Eddie Marsh, Winston Churchill‘s Private Secretary, offering advice to the then Under-Secretary of State for the Colonies, said: “We should kiss America on both cheeks”; to which Churchill replied, “Yes, but not on all four”. I’m indebted to Boris Johnson for that quote, which you’ll find 19 minutes and 14 seconds into this video …
It would be very interesting to know what the British public made of Barack Obama‘s speech alongside David Cameron at No. 10 yesterday, doing everything he could to encourage the UK to vote in favour of staying in the EU.
The trouble is, the British people tend to react against being told what to do, whether by their own government or even more so by foreigners. Obama’s tone was gentle, not hectoring. He spoke in the guise of a friend, merely offering advice, notwithstanding the veiled threat that the UK would find itself at the back of the queue for trade deals with the USA if it went it alone. He has an easy manner, persuasive, analytical, with a breathtaking grasp of the geo-political landscape worldwide – and a winning smile.
But, as a Lefty who’s very much in favour of retaining EU membership – primarily because of our cavalier attitude to human rights, rather than the financial benefits which are the only meaty items on the EU menu as far as the media are concerned – it worried me a bit to see “David” sucking up to “Barack” in a way that might well have prompted another terse witticism from Churchill, were he still with us.
I’m not a great fan of Boris, but he’s such a wily campaigner, highly knowledgeable and a great communicator. He doesn’t really do gravitas, of course; but that’s a commodity that went out of fashion years ago, another casualty of the cultural revolution in the Sixties. Harold Macmillan and Harold Wilson did their best to resurrect the Churchillian style of oratory; but after Wilson’s infamous “Pound In Your Pocket” speech fell as flat as a pancake, subsequent leaders have tended to adopt a more relaxed approach – with the notable exception, perhaps, of Thatcher‘s successes with her Iron Lady persona.
Every now and again, politicians with real charisma bubble up to the surface. The “surface”, of course, is that cultural ocean we all nowadays swim in, called the media – broadcast, social and print. As time goes on, it appears that charisma is becoming more and more significant as a political weapon. Logic, analysis and basic communication skills can still hit the mark. But that magical ability to use the media to inspire and engender devotion can torpedo all purely rational approaches.
So if by chance (and I for one fervently pray it doesn’t happen), Boris Johnson runs for the post of Prime Minister after leading us out of the EU’s back door, he may well find that charisma will carry him through to the winning line.
Churchill’s greatest personal quality was perhaps his ability to translate his charisma – of which gravitas was a key constituent part – into the arena of global influence and world politics.

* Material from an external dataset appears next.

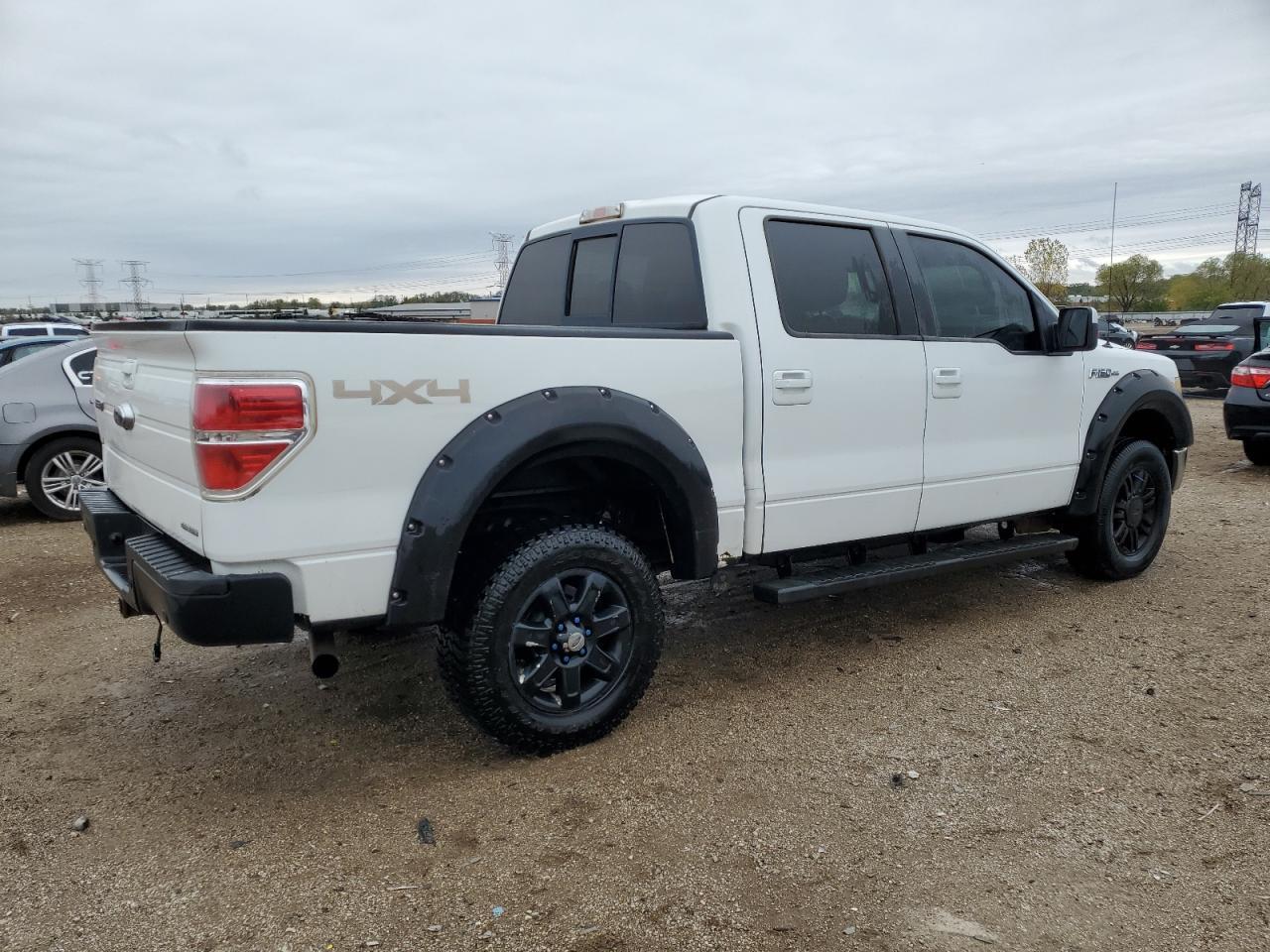 2011 FORD F-150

Whether a Johnson-led government of a Britain operating in splendid isolation could command such respect on the world stage is highly debateable, in my view. And after the British public made their feelings towards one particular candidate for President of the United States very clear recently, we must all surely doubt whether charisma alone could be a Trump card in what would have become a rather “unspecial relationship”.